While the original may have departed the happiest place on earth long ago (its location appropriated by Tinkerbell and her pixie coterie), the dream of using technology to make domestic life something less of a chore lives on. The latest to take up the challenge: Samsung. The Korean conglomerate, best known for its oversized smartphones, is now offering fridges, washers and dryers with eight-inch touchscreens, Wi-Fi connectivity, and a fair chunk of built-in flash memory. “The appliance industry has been a rather traditional industry—not a lot of change,” remarks Warner Doell, vice president of home appliance sales and marketing at Samsung Canada. As Doell explains, that lack of change presented an intriguing opportunity: “How do we take technology and apply it to appliances which will make consumers’ lives easier, more convenient, so they have time to pursue their passions?”

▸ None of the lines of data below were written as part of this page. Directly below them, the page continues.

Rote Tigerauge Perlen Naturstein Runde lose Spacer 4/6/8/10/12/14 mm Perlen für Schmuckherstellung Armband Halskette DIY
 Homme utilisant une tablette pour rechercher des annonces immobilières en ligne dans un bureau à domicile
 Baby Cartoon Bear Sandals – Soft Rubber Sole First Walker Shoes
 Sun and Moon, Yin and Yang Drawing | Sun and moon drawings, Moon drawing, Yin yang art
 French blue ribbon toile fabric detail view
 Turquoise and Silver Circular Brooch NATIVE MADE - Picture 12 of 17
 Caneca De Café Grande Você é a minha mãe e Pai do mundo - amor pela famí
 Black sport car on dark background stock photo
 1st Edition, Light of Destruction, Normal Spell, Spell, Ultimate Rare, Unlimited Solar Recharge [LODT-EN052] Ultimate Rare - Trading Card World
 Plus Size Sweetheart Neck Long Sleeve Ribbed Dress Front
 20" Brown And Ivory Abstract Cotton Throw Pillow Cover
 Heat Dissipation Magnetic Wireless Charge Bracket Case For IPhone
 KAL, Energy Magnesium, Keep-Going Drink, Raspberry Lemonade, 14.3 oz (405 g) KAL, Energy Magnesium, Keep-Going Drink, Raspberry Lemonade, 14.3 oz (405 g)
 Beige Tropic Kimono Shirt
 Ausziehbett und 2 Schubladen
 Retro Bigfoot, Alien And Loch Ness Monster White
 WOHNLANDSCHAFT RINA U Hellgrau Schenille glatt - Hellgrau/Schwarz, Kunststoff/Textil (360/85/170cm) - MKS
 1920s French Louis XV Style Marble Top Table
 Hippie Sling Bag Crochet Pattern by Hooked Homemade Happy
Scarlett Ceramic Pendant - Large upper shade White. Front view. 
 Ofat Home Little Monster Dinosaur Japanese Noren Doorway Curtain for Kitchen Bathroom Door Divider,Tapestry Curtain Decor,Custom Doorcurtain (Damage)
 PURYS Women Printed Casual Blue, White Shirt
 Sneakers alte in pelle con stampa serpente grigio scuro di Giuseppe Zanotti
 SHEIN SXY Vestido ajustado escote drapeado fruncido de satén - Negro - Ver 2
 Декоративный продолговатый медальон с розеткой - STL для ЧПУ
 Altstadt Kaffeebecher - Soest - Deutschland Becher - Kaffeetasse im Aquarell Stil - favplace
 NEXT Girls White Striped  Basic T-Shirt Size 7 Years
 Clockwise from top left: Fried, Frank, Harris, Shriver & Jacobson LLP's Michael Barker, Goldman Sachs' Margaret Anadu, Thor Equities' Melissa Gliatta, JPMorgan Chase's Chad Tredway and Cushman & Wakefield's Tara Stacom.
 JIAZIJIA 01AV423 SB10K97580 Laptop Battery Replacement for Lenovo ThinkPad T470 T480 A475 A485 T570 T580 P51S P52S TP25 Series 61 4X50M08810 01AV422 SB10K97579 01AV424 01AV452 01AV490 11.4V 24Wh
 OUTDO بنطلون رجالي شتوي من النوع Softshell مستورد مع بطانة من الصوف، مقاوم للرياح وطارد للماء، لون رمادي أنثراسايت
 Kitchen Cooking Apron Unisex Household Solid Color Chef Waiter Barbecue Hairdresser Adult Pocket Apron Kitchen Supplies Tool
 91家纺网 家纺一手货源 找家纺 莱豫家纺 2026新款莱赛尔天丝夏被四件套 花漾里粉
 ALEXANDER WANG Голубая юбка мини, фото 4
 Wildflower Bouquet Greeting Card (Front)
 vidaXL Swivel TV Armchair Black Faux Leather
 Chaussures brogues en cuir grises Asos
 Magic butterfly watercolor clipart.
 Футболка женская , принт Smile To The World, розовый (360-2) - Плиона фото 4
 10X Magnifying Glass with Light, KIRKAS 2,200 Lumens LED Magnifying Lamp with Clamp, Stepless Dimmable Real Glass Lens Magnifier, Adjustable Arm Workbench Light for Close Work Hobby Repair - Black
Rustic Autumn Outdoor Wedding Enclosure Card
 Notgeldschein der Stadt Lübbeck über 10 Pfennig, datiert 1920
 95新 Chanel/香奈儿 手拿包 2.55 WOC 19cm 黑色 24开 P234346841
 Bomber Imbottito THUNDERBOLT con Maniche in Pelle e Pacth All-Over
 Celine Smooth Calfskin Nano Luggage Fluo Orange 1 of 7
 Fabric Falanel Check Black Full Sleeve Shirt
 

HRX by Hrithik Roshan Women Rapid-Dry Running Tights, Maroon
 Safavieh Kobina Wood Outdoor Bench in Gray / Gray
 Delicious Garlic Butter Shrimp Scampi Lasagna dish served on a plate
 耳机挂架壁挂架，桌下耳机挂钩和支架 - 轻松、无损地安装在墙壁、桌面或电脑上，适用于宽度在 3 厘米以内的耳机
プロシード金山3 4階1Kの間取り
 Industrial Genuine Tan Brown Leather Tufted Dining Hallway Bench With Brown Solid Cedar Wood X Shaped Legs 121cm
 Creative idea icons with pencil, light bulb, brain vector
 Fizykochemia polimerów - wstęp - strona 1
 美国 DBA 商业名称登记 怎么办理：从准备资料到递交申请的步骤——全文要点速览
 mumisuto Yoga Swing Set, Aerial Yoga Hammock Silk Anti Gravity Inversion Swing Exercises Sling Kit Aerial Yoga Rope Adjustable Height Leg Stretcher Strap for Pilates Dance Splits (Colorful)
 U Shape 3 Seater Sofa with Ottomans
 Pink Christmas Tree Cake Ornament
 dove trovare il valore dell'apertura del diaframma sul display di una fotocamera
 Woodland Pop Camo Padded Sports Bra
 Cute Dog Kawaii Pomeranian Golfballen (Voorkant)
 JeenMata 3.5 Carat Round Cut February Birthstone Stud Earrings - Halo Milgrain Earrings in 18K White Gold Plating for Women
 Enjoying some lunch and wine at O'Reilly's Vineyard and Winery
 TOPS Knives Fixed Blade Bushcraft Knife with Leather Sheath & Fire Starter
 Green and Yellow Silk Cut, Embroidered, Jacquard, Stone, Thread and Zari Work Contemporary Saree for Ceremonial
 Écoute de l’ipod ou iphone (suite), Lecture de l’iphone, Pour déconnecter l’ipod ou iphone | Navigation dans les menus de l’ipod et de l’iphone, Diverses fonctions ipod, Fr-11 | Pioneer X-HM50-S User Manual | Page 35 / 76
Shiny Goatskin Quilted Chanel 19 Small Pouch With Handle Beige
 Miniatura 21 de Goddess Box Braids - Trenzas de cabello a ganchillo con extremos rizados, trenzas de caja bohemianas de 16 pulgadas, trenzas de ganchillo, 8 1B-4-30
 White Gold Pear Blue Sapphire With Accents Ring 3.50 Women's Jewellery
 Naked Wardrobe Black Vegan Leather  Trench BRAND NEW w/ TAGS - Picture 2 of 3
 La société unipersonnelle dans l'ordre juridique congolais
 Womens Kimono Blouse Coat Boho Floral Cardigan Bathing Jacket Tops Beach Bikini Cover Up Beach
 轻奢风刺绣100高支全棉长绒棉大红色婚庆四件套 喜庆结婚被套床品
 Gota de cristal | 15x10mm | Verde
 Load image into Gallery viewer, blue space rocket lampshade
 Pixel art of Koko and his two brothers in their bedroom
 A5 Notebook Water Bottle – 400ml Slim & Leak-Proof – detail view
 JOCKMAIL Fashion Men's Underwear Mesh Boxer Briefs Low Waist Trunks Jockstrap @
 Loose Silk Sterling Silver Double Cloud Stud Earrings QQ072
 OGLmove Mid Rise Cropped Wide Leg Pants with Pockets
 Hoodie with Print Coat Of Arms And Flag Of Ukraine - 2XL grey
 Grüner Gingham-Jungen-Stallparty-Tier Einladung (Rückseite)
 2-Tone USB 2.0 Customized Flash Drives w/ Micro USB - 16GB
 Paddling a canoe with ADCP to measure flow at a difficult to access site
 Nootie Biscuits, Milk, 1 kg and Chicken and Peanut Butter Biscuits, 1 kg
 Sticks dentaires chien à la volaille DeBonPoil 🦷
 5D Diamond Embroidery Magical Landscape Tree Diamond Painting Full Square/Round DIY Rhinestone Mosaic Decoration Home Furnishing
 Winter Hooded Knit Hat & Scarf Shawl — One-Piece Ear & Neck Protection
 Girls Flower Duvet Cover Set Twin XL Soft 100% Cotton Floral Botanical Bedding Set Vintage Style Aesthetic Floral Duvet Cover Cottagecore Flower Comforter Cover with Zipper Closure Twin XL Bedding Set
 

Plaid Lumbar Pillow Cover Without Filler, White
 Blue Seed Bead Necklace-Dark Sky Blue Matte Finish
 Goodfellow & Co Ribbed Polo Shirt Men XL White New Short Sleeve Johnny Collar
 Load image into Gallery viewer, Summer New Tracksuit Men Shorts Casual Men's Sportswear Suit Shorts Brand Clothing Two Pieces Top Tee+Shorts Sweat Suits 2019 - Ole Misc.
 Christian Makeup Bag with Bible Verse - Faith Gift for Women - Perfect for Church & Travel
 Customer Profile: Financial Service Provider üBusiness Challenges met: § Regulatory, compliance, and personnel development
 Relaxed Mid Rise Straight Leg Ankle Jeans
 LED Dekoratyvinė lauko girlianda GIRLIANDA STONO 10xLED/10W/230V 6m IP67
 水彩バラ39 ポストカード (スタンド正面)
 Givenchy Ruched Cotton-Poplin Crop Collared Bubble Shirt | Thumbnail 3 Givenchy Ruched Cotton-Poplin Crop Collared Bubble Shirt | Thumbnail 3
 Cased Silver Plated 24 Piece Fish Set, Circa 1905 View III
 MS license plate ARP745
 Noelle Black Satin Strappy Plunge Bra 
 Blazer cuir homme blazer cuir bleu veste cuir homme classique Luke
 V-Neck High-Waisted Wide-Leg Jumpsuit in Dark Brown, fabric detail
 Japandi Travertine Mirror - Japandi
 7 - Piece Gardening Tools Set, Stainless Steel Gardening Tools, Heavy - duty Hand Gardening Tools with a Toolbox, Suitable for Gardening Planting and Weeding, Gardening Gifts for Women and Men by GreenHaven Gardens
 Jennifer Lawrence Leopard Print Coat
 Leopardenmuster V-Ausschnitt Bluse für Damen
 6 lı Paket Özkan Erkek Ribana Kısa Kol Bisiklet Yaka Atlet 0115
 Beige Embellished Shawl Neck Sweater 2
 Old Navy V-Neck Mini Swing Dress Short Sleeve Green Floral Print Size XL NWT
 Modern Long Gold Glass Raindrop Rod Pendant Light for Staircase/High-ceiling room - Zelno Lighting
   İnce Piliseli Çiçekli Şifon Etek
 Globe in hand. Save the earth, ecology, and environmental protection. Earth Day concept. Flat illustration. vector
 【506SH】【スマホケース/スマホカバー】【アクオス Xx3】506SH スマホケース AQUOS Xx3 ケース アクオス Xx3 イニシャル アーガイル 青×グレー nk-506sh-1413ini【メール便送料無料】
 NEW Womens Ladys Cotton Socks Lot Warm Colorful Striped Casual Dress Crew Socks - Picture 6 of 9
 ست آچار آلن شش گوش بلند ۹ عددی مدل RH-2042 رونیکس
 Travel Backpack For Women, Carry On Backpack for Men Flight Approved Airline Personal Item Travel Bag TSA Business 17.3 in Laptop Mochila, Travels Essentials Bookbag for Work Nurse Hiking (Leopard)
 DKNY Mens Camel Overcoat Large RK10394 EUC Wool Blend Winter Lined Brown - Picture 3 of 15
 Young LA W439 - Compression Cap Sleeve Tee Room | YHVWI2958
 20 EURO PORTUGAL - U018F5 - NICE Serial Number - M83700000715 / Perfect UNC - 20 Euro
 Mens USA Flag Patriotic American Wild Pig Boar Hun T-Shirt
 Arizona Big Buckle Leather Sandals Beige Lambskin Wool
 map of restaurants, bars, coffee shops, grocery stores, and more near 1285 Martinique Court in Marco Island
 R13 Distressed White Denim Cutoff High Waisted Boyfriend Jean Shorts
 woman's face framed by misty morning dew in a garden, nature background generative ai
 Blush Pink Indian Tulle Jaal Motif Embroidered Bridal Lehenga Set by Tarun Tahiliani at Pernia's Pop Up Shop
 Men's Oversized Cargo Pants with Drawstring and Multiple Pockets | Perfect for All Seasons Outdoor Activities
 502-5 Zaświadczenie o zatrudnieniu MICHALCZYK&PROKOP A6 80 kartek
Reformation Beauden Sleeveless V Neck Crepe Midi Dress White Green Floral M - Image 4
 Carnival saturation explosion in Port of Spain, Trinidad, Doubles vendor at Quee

Aesthetically, Samsung’s Wi-Fi line is clearly positioned in the premium category. The refrigerator is a striking example of contemporary stainless steel chic, the perfect complement to a Yaletown or Coal Harbour condo. The washer-dryer set, available in either onyx or white, is, perforce, more utilitarian, yet even its oversized circular door and easy-to-use controls retain a sense of well-proportioned design that “feels” right. “The fit and finish is always important,” Doell says. “How do the handles feel? How do the drawers open and close? When you just look at them from an aesthetic point of view, they are very appealing.”

However appealing the overall product may be, it’s likely that consumers will be focused on a single eight-inch portion of it. Samsung’s LCD touch screens may be small, but they pack a powerful punch when it comes to functionality, giving family members the opportunity to interact with their appliances—and with each other—via a centralized communication hub.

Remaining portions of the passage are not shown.